Copy every entry word for word, but skip the pictures.

************

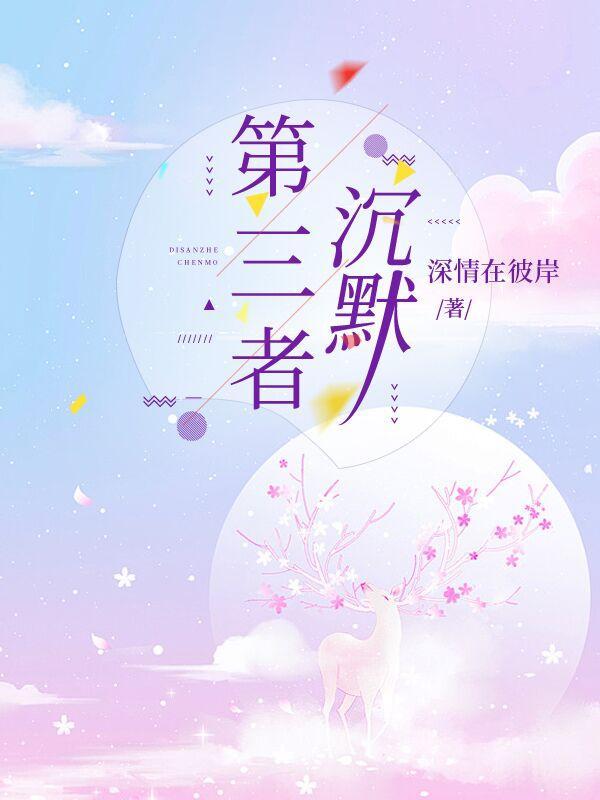 当第三者的心态是什么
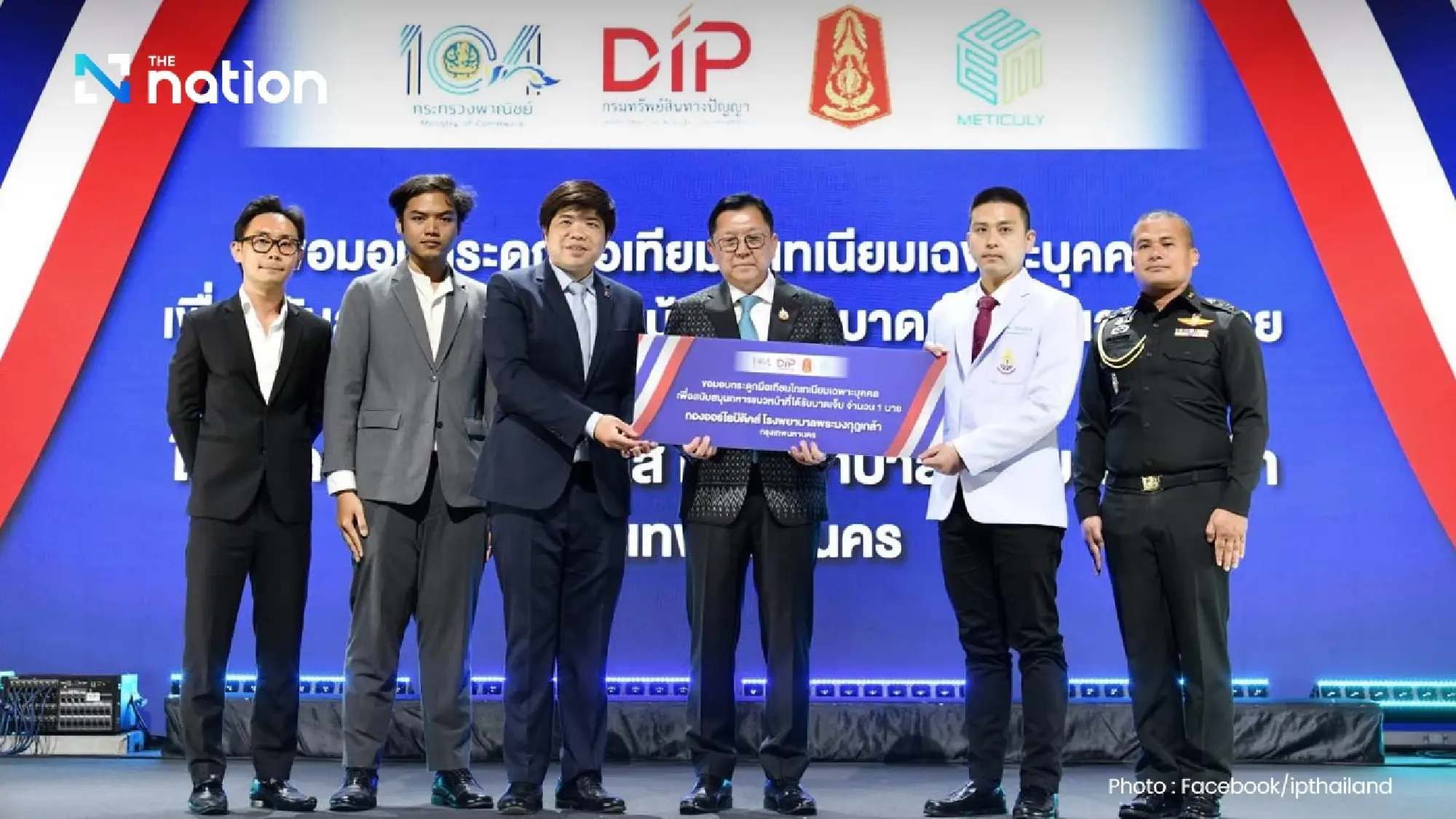 Thai Innovation Helps Injured Soldiers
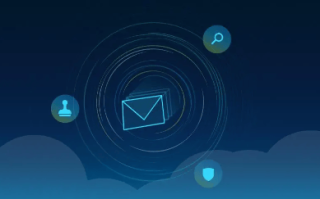 云邮箱是什么?和企业优势邮箱有什么区别?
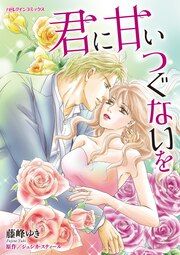『君に甘いつぐないを』の表紙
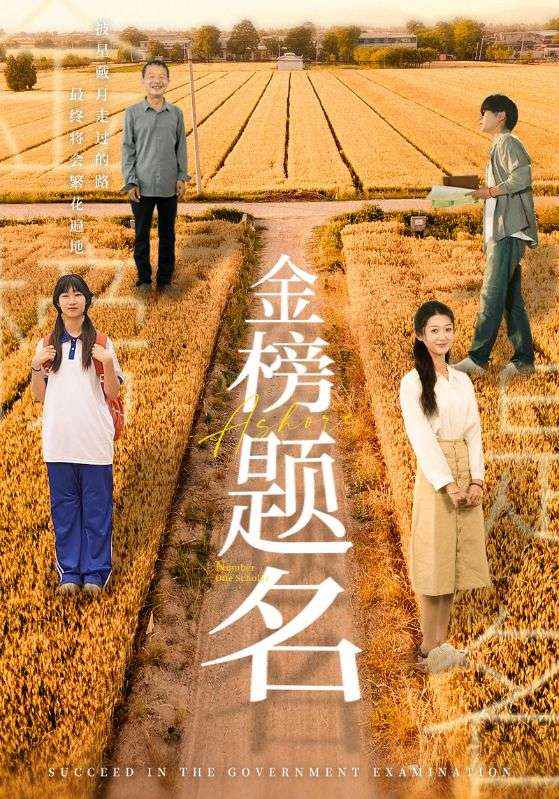 金榜题名 短剧版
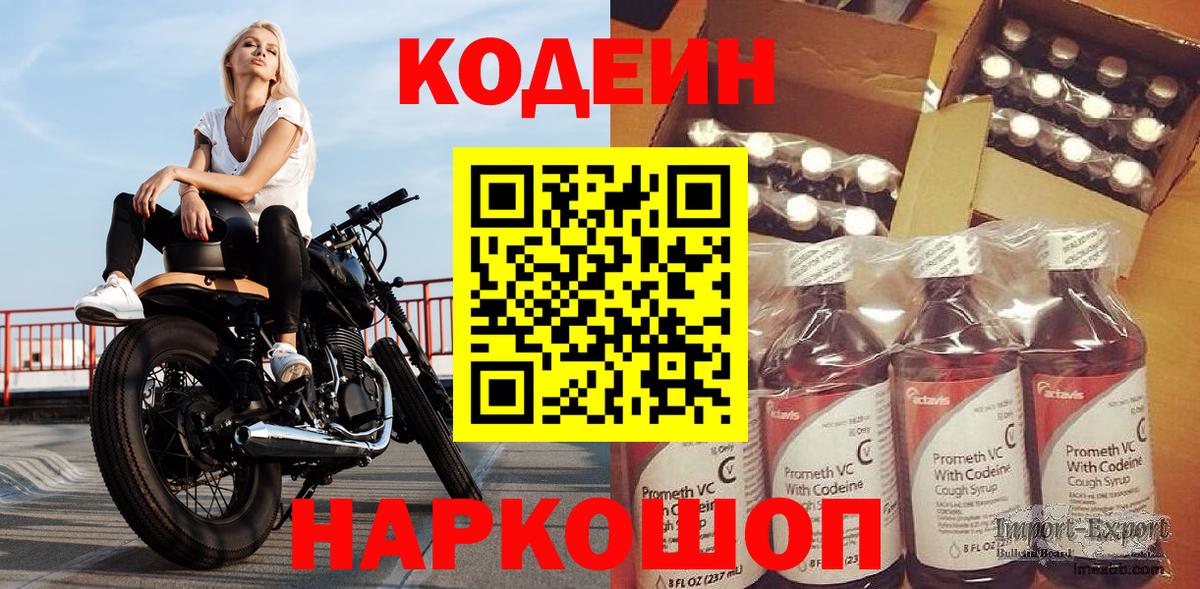 Codein напиток Lean (лин)  Кодеин Purple Drank  Вход с VPN  Джанкой 
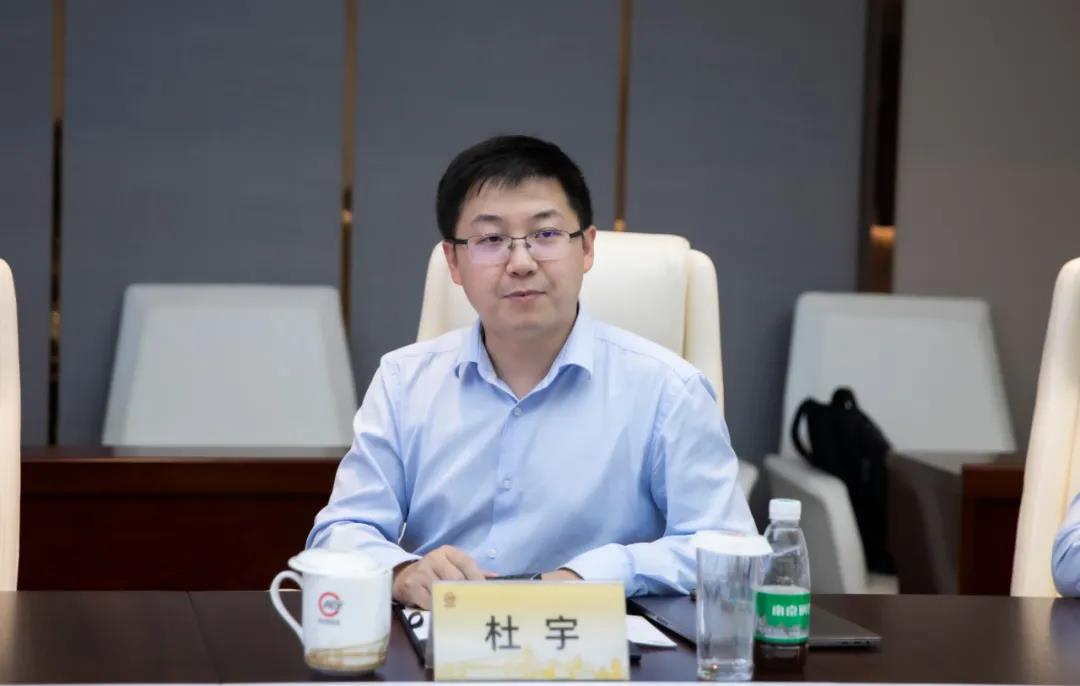 南钢与上海万向探讨区块链应用 南钢与上海万向探讨区块链应用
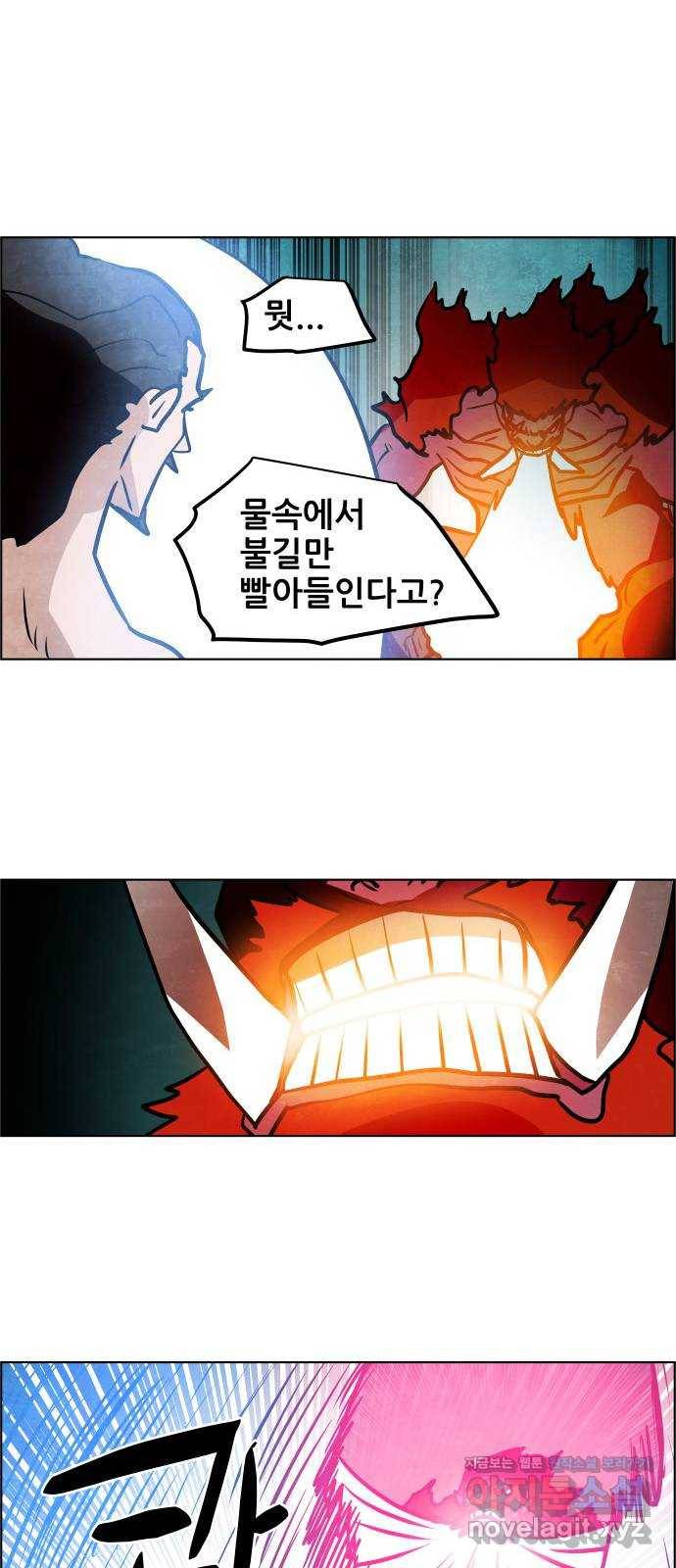 도사 가온 3부 34화 10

************

Completed task:
 当第三者的心态是什么
 Thai Innovation Helps Injured Soldiers
 云邮箱是什么?和企业优势邮箱有什么区别?
『君に甘いつぐないを』の表紙
 金榜题名 短剧版
 Codein напиток Lean (лин)  Кодеин Purple Drank  Вход с VPN  Джанкой 
 南钢与上海万向探讨区块链应用 南钢与上海万向探讨区块链应用
 도사 가온 3부 34화 10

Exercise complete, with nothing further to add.